Looking forward, Palkhiwala also focused on the automotive sector as a key driver for revenue and profit growth, with an expectation that ADAS will ramp starting in 2026, and the automotive business will deliver roughly $8 billion in revenue for Qualcomm by 2029. He also reaffirmed that PC and XR will also represent larger revenue for the company, with XR alone projected to bring in more than $2 billion in revenue by 2029.
In total, Qualcomm expects that by 2029 its whole IoT business (which by its definition includes PC and XR) will represent $14 billion in revenue, with $4 billion coming from PCs, $4 billion from industrial IoT, and $4 billion from other sources including networking, tablets, headphones, and smartwatches.
CES 2025
At CES 2025, Qualcomm rounded out its Snapdragon X line with its entry-level offering targeted at PCs $600 and up.

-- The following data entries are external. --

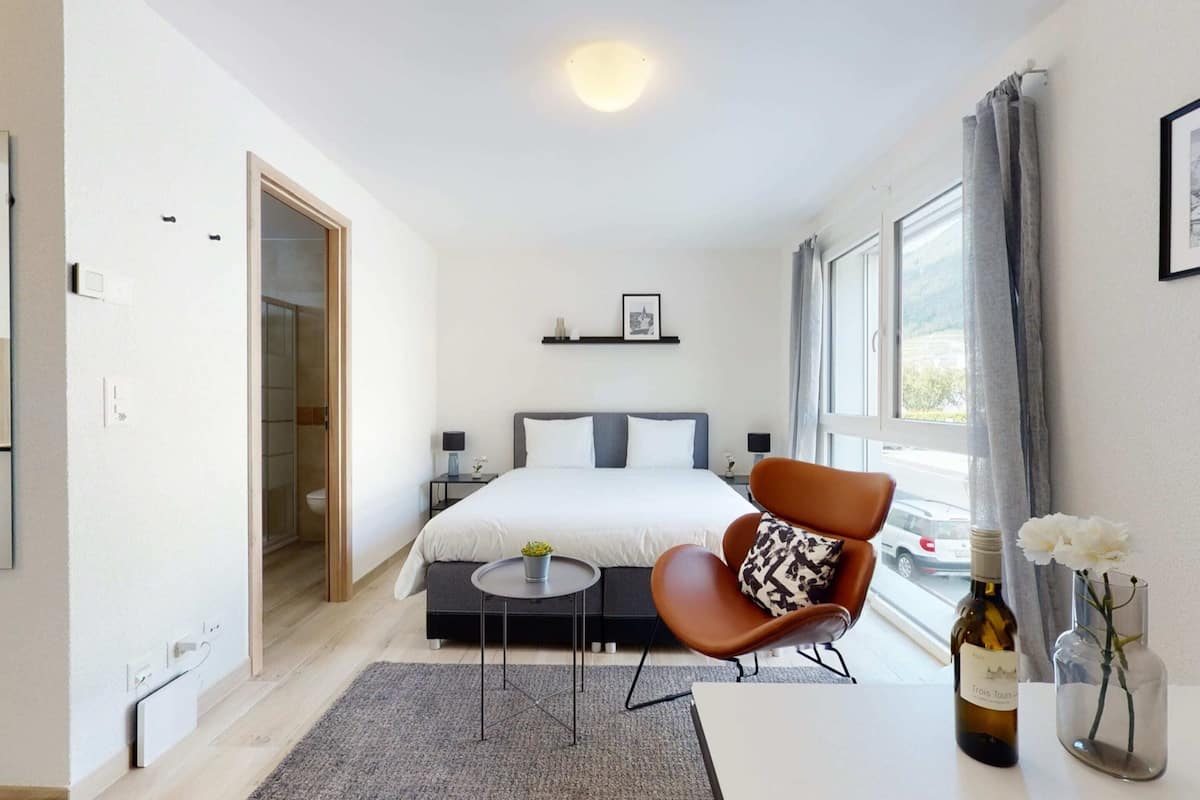 A modern hotel room with a large bed, a seating area with a chair and a small table, a bottle of wine, and a vase with flowers.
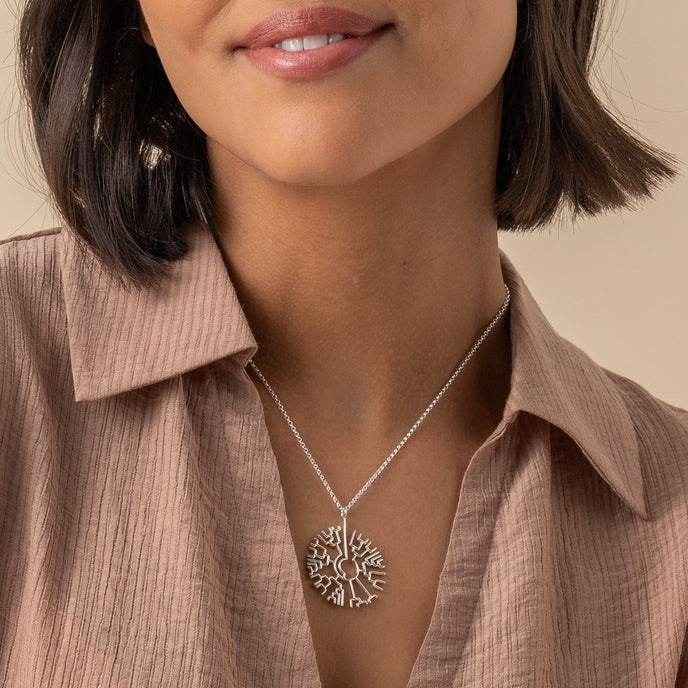 Woman wearing phylogenetic tree necklace, a silver pendant inspired by the journey of life. Woman wearing phylogenetic tree necklace, a silver pendant inspired by the journey of life.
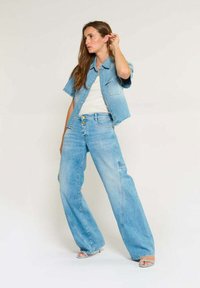 Denim jas en hoge taille, wijde jeans in lichtblauw. De jas heeft korte mouwen; de jeans hebben een knoopsluiting en subtiele stiksels.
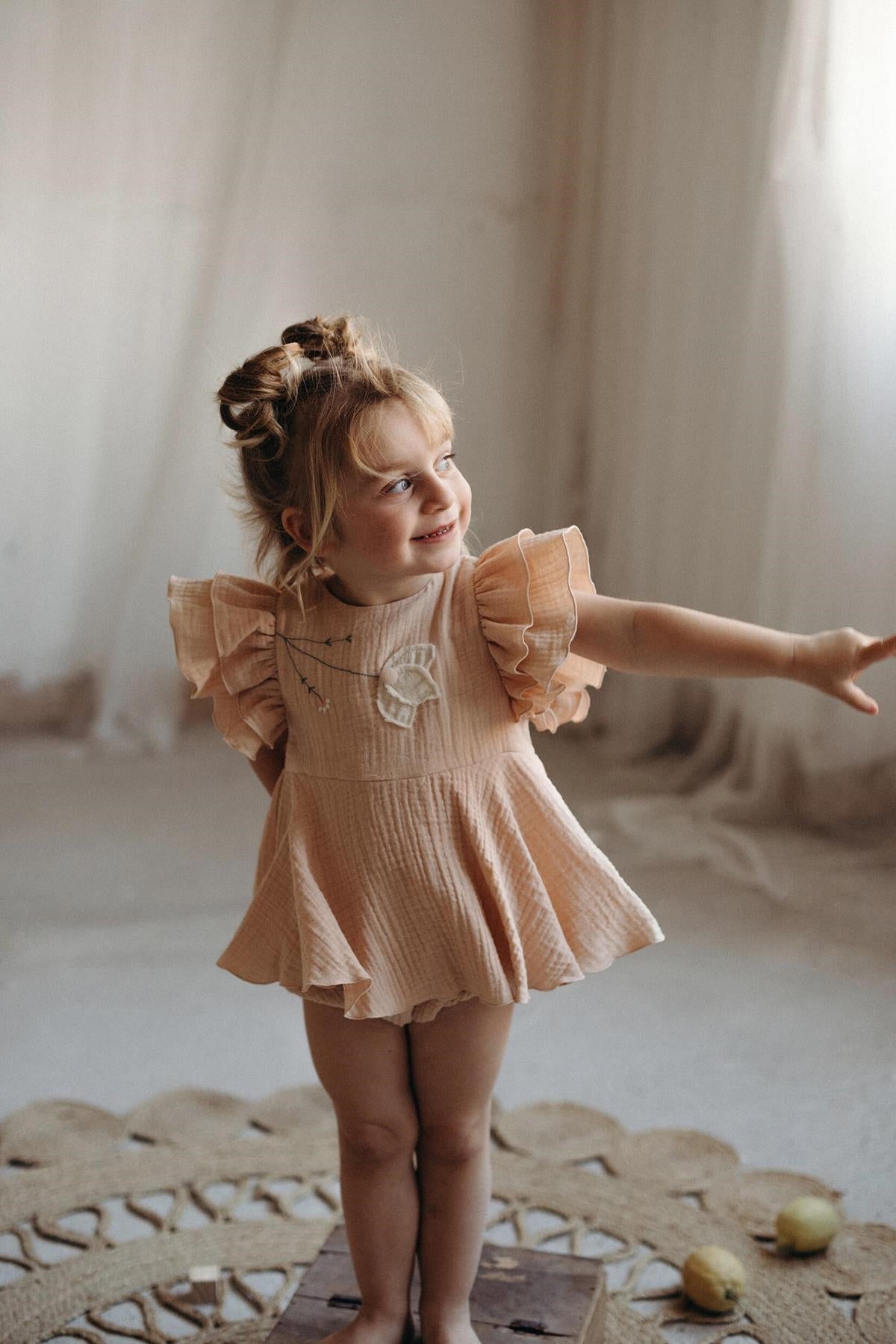 Organic pink romper suit with cape-style skirt-Popelin
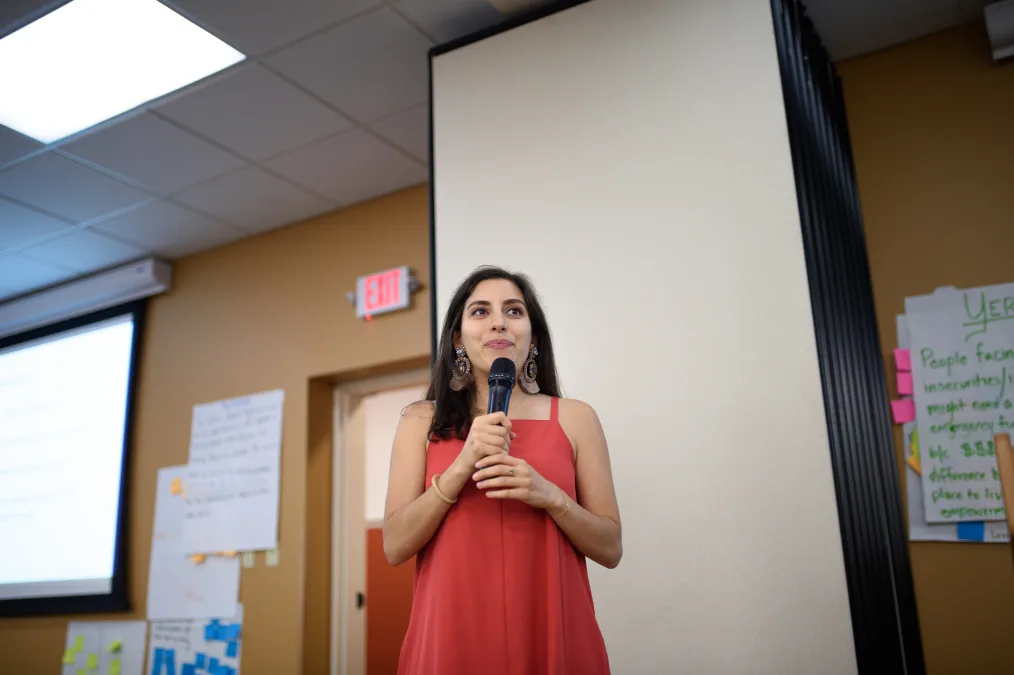 A woman with a light-medium skin tone, a red dress, and big brown designed earrings stands in front of a golden-tan wall, filled with paper with blue, pink, and yellow sticky notes and writing, holding a microphone in her hand up to her mouth. 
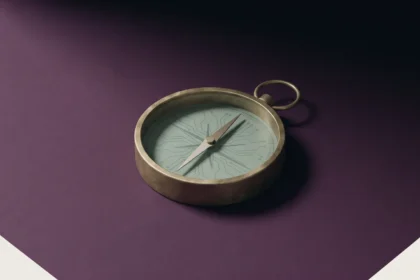 Brass compass with circuit lines etched into its dial, pointing steadily, a metaphor for values guiding technology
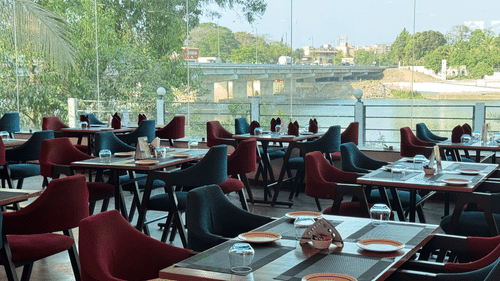 A close-up of the four chair seating with maroon and navy coloured chairs and a large glass panel overlooking the Ganga River and a bridge in view at the Riverside Restaurant in Silvassa inside VITS Kamats Resort, Silvassa.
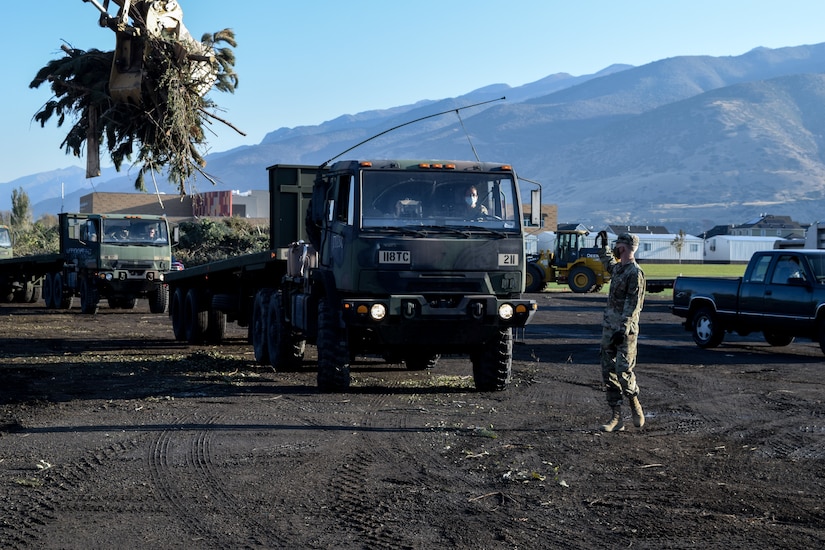 Utah Governor Gary Herbert stand with Soldiers at a debris waste collection site.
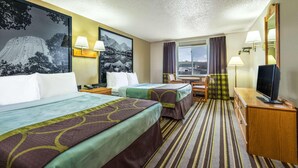 A hotel room with two beds, a television, a desk, and a window with curtains. - Super 8 Sheridan (Sheridan)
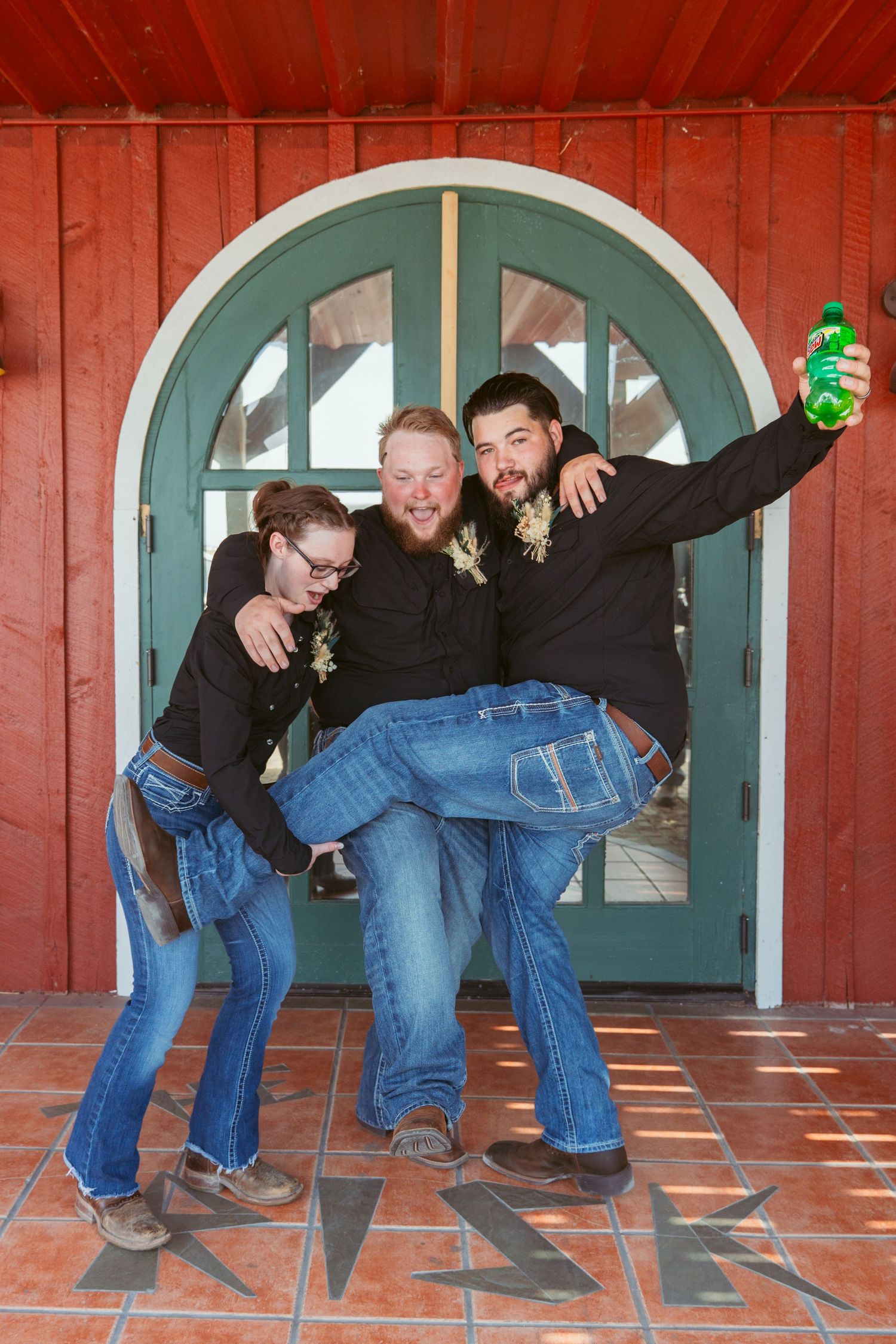 Playful wedding group does domino effect pose on red building porch.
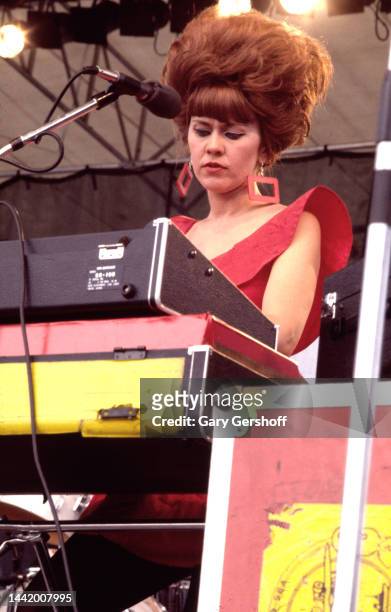 American New Wave musician Kate Pierson, of the group the B-52's, plays keyboards as she performs onstage during the Heatwave Festival at Mosport...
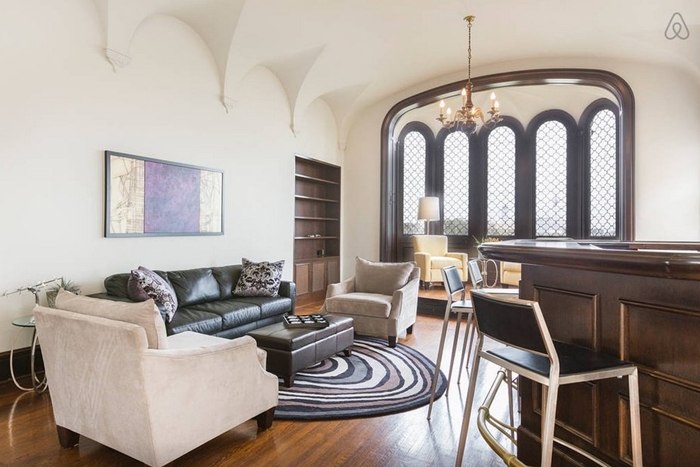 this-living-room-with-a-bar-and-large-bay-window-is-perfect-for-party-hosting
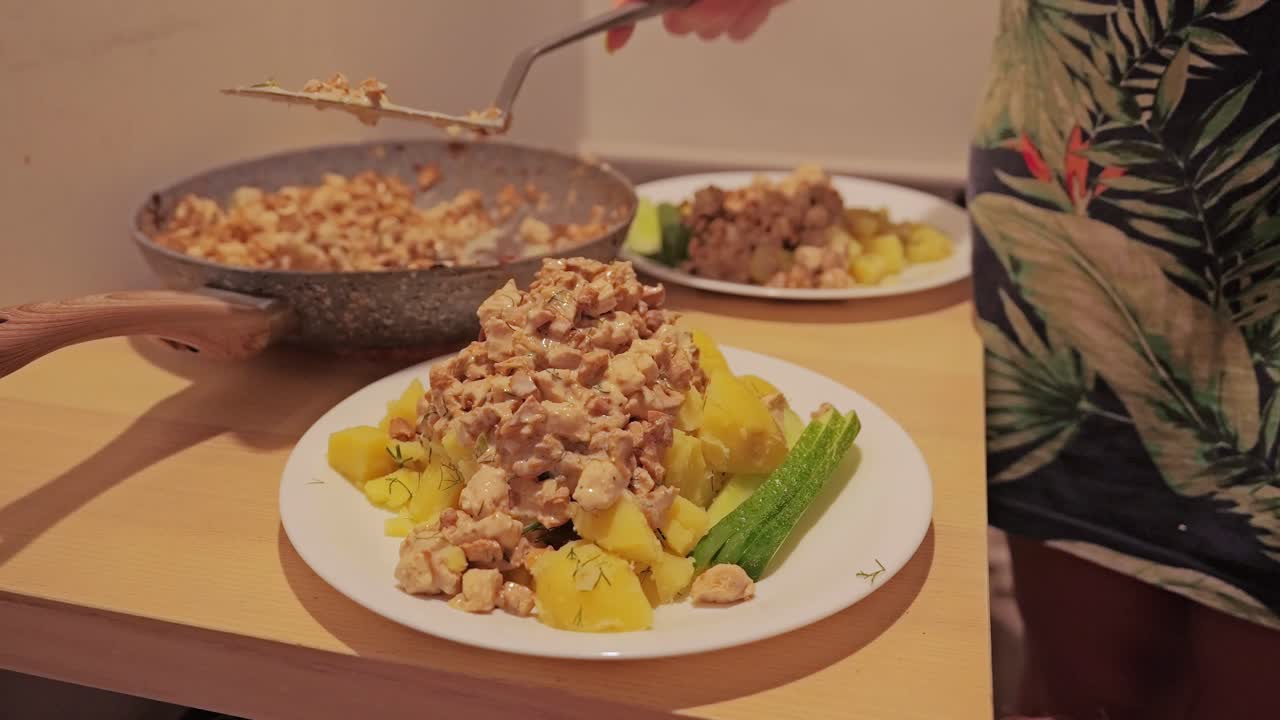 Homemade chanterelle sauce and meat poured over potatoes on plate, cozy kitchen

We also saw Lenovo and Geekom announce Snapdragon X Elite desktops, the first of their kind for the industry, running Windows. The Snapdragon X also delivers on Qualcomm’s promise of maintaining 45 TOPS of AI performance across its entire lineup. This also means that Qualcomm will enable Copilot+ PCs as low as $600 and premium notebooks at lower prices, for example the Zenbook A14, which is ultra-light at under 1kg and features Copilot+ features with an OLED display, 32GB of RAM, and 1TB of storage for only $1,099.
Qualcomm also announced partnerships with Panasonic, Hyundai, Garmin, Leapmotor, and Desay SV for various automotive solutions. These announcements included digital cockpit, ADAS, and digital chassis solutions all around the vehicle. In addition to automotive, Qualcomm also announced an on-premise AI solution for edge AI and IoT solutions using the company’s AI100 accelerator PCIe card.
Considering Qualcomm’s execution and market momentum, barring a global recession I believe its projections to be pretty credible. In my view, Qualcomm’s projections for XR seem fairly conservative, while the company might be a tad optimistic on the PC side—though it could still hit those numbers considering global annual PC volumes. While I do believe that Qualcomm’s competition is fiercer than ever, CES 2025 showed that the company is very much on track to execute its strategy, and I expect that we’ll see even bigger announcements from it later this year.